By Vritika Mathur
Led by Maj, Gen. B.C. Khanduri, AVSM (Retd.), the Standing Committee on Defence presented two reports to the Lok Sabha on 19 December 2017. The 35th and 36th reports of the committee criticised the government for inadequate action towards earlier recommendations and observations presented by the Standing Committee. These reports further emphasised the lack of military modernisation, poor fund allocation and the snail-paced process of procuring military equipment.
The committee slammed the government for its sluggish approach resulting in the constant delay of procurement and expressed its unhappiness with the customary nature of the replies of the Defence Ministry. It also voiced its concern regarding the severe effects that the deficiency of funds could lead to especially with regard to modernisation and operational preparedness of the Indian Armed Forces (IAF) be it the Indian Army, the Indian Navy or the Indian Air Force.
The crux of the deficiency
Defence Minister, Nirmala Sitharaman, on being elected, stated that her first priority would be to ensure the preparedness of the armed forces by directing attention towards necessary equipment and endowment. However, one of the main factors impacting everything, from equipment to modernisation, is the allocation provided in the budget.
Reports state that the Army, the Navy and the IAF got just 60%, 67% and 54% of the funds they sought for the goal of modernisation. This consequentially impacted the operational preparedness of the forces severely. According to Laxman Kumar Behera from the Institute of Defence Studies and Analyses, with around 1.5 million personnel, manpower costs by themselves account for 83% of the overall growth in the defence budget.

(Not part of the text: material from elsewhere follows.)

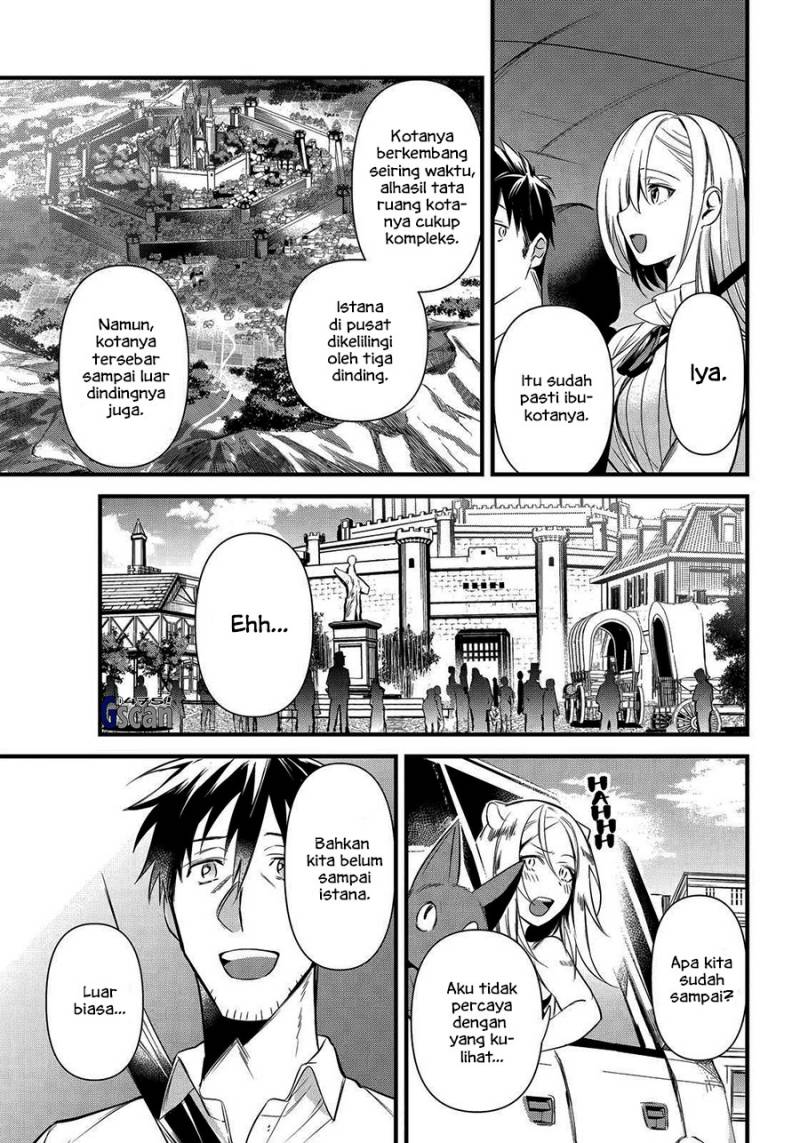 Arafoo Otoko no Isekai Tsuhan Seikatsu Chapter 36 Gambar 21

All three forces combined have been at the receiving end of this improper planning that, in turn also results in very little being left for procurement of defence equipment. Being a part of the top five in military expenditure and having the fourth largest defence budget is irony enough as, despite spending great proportions, no successful advancements have been made.

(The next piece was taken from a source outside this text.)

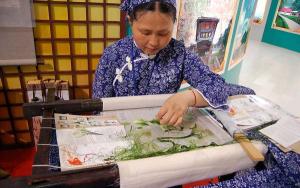 Sichuan Embroidery Art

The Armed Forces are facing the brunt of the disorganised actions taken by the Ministry of Defence on all fronts. This includes vehicles such as submarines, helicopters and aircrafts, among others. There has been an exponential growth in the number of accidents in the past few years with no solution or alternative arising. In October 2017, seven IAF personnel were killed when a chopper crashed in Arunachal Pradesh. The IAF has had a high crash rate with a loss of more than 25 fighter jets in the past five years.

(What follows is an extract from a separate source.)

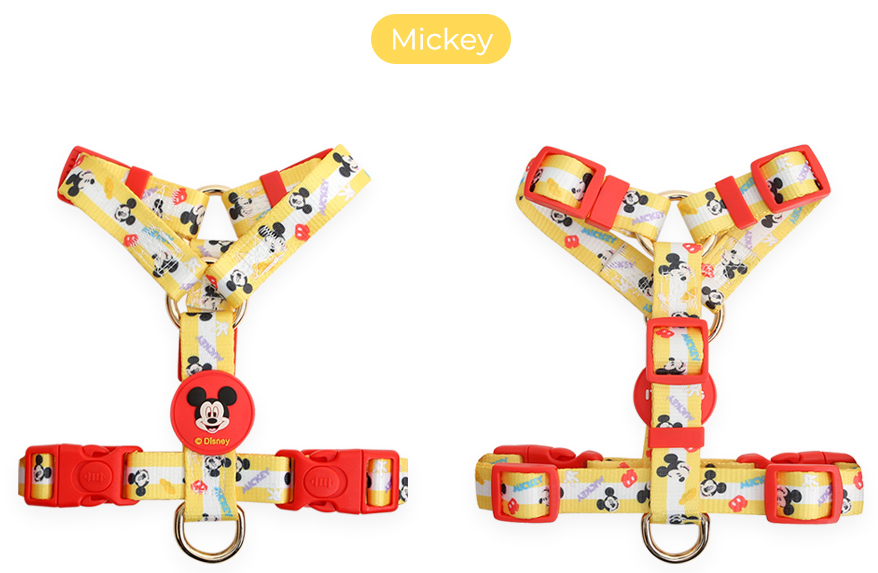 Disney H type harness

According to officials, this is the result of two things – first, technical defects and second, human error. Ageing equipment, poor maintenance and inadequate training all contribute to a diminishing system of defence. Similarly, in the Navy, minor fires in Indian Naval Ship (INS) Pralay and INS Kamorta have also taken place adding to the already heightened accidents of 2017 alone.
The ‘Make in India’ initiative aims to become more self-reliant by increasing the manufacturing of defence equipment within the country. However, it is unlikely that it will help provide any sort of balance to the economy even if it meets the requirements of the Armed Forces. What might be of help would be the export of this equipment to aid the unsatisfactory funding of the forces. Another method would be to limit the manufacturing of equipment in large quantities since it proves to be futile in the future.
The constant inefficiency on behalf of the Ministry of Defense is a blot on their image. It has, on many occasions given the same response for the inadequacy of allocation and blamed it on the economic and fiscal situation of the year. According to an official, the panel will meet again next month to regroup and review. However, there is little hope for a change in response and a steadier grip on the situation.